Let’s go back to our other Lazarus for a minute, the one who was dead in his tomb, because his situation also illustrates how desperate our situation is and how much we need God’s help. That Lazarus was wrapped in grave clothes and a stone had been used to seal the tomb. (In just a matter of days this is what would happen to Jesus himself.) When Jesus told them to roll the stone away, Martha, Lazarus’ sister, said to Jesus, somewhat indelicately, “Lord, already there is a stench because he has been dead four days.” That Lazarus was really and truly dead, wrapped in a shroud, sealed in a tomb. Only God could help him now.

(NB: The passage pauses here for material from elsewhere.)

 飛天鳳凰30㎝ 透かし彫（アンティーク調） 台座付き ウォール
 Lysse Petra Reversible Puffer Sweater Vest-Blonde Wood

Many people – certainly the rich man in our parable, and possibly some of us – but many people don’t realize how dead they really are. Sin is deadly. When we live for ourselves, apart from the covenant community, neglecting our responsibilities to God and our neighbor, then we are dead, in the tomb, sealed with the stone, and there is a stench. The good news is that in Jesus Christ, God can help us; God wants to help us. As he stood before the tomb of his friend Lazarus, Jesus wept. And he cried out with a loud voice, “Lazarus, come out.”
All Lazarus had to do was come out. He had to leave the tomb of death and the shroud of sin behind. Jesus had claimed him and he was raised. Now he had to live. And now he had to let his friends and family strip off the grave clothes so that he could rejoin the community of faith. We must be willing to receive new life from Christ. We must urge one another to leave those former lives in which we were entombed. We must help one another to remove the shrouds of sin that cling so closely.
This is what our parable and the story of Jesus’ dead friend tell us. We are Lazarus – he whom God helps. We are poor and helpless beggars who cannot help ourselves, but who must rely completely on a Savior to lift us up to new life. We must not be the complaisant rich man or his brothers who hear the Word of God and practice a hollow religion while living self-centered lives and ignoring the pain of the needy. Like the well-known Lazarus, we are people for whom Jesus wept, dead in our sins, entombed in a life that is not life. But, like that Lazarus, we are now those who have been called forth by the Lord of Life and set free from the tomb. And together we are the community of the redeemed who live to love and serve Christ and one another, fighting sin together, caring for the least of the brethren, and relying on the God who helps us.
Remember both Lazaruses. Hold those two stories of life and death and life after death together. Hear both the warning and the promise. Because you are Lazarus.